Налицо очевидный провал погони за аристократизмом, подчеркнутый полным тождеством исходного и окончательного текстов письма, и представлен он положительно. Более того, приверженность «норме» относится к числу классицистических ценностей, и потому Мольером одобряется не только провал отклонения от нее, а и сама норма. Правда, журденовский текст тоже не свободен от налета претенциозности, но он явно предпочтительнее предлагаемых изысков. Стилистические экзерсисы Журдена и учителя философии одновременно и грандиозны, и смехотворны, но в том-то и соль, что надо довольствоваться наличным малым. Успех героя основан на элементарном владении родным языком, играющим, так сказать, роль судьбы, вина же за напрасные потуги ложится на глупую претенциозность самого Журдена и в меньшей степени на его подневольного, карикатурного, но достаточно здравомыслящего учителя философии. При этом Журден, отстаивающий свою лексику, оказывается по-своему не глупее учителя, соавторский диалог с которым проходит несколько стадий, но ни разу не дает перевеса риторическим причудам. Все перипетии реальны. Примечательно парадоксальное сочетание в Журдене нелепых фантазий с упрямой приверженностью элементарным истинам, позволяющей ему, несмотря на всю его комичную глупость, держаться своего, что, в отличие от истории с выбором имени Акакий, приветствуется.
Еще случай:
Неспособность к производству военно-патриотической продукции, в чем Окуджава признается как бы в извиняющемся тоне, на самом деле составляет предмет его гордости. Верность собственному пацифистскому «я» подчеркнута фигурой тождества: вылетали только соловьи. В роли силы, приводящей к такому результату, выступает сама сущность лирической поэзии с ее хрестоматийными соловьями, — так сказать, поэтический аналог фигурирующей в других сюжетах «судьбы» и «природы»: Окуджава так же неподвластен официальным штампам, как сны Фалалея требованиям Опискина.

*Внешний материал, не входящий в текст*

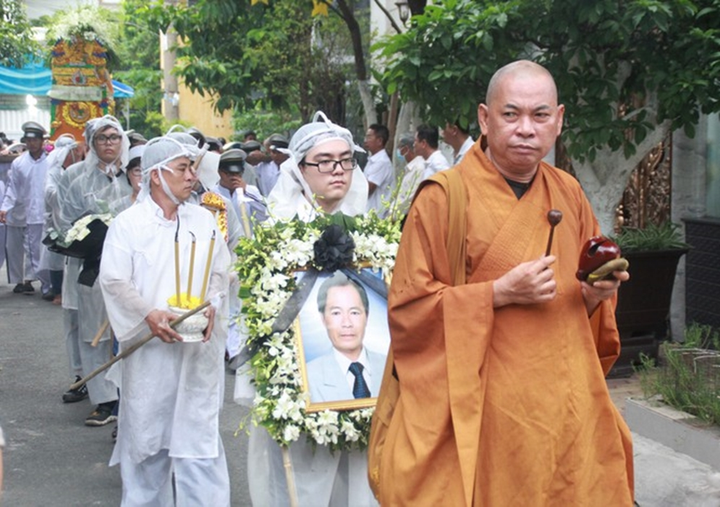 Tiễn đưa nhạc sỹ Vũ Đức Sao Biển về nơi an nghỉ vĩnh hằng - 3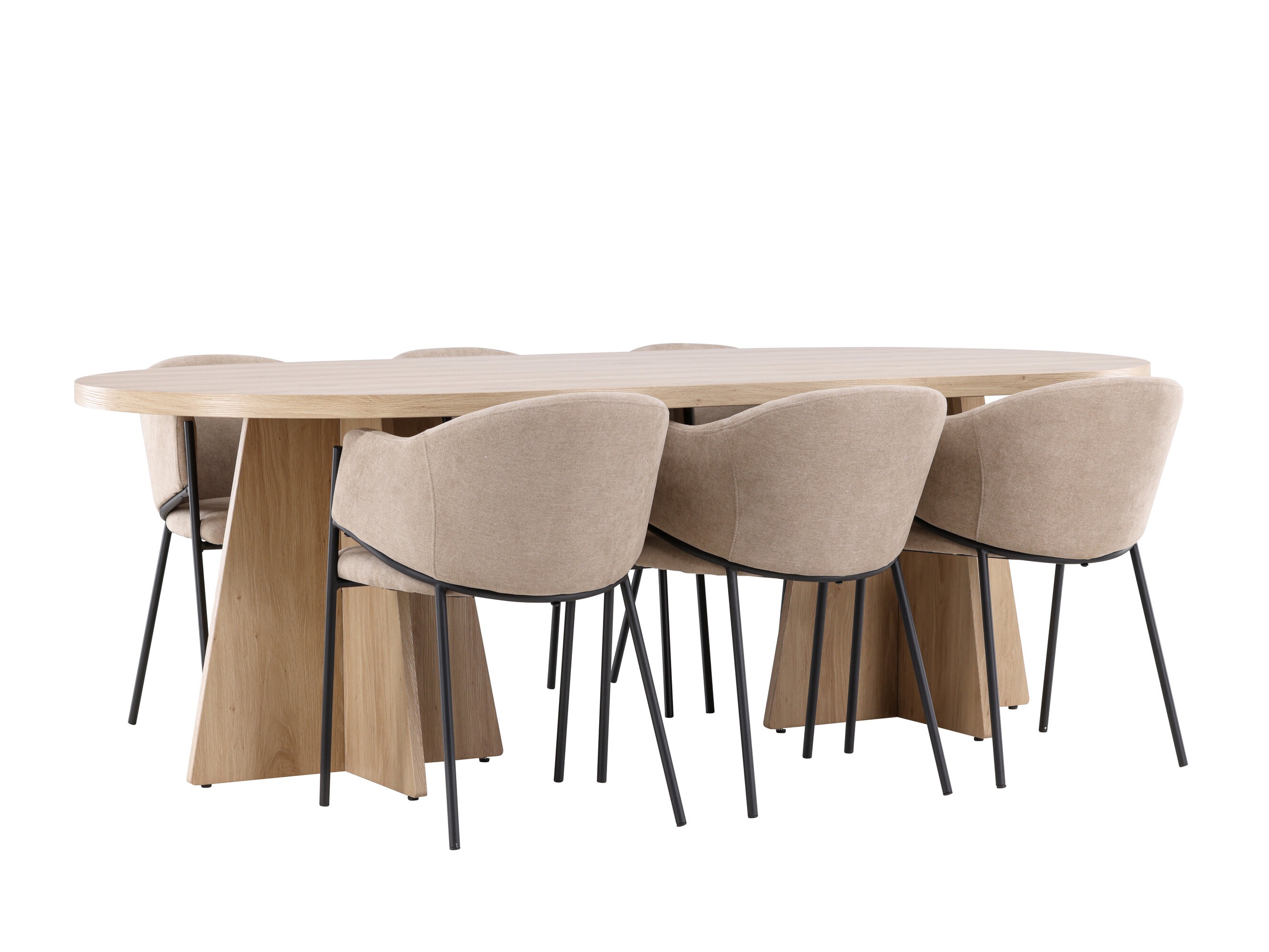 Söögitoakomplekt Dallas 5082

Или вот эпизод из современной жизни.
Это еще одно изобретение велосипеда и обнаружение рукавиц за поясом — почти в буквальном смысле энное «открытие Америки». Мотив «тождества» специально не подчеркнут, но присутствует подспудно: я каждый раз возвращаюсь к той же машине, хотя и не подозреваю, что «тем же» является и сам номер счетчика. В количественном отношении это типичная буря в стакане воды, меня никак не извиняет моя многолетняя ненаблюдательность, сюжетно мотивирующая контрастный переход от воображаемого к реальному. Сама же открываемая азбучная истина вполне позитивна (с тех пор я с благодарностью ориентируюсь на номера счетчиков, — в отличие от Бендера, который не может снова и снова сочинять пушкинские стихи), а в роли ее естественного гаранта выступает принятый в Штатах порядок нумерации, безличный, но когда-то придуманный людьми.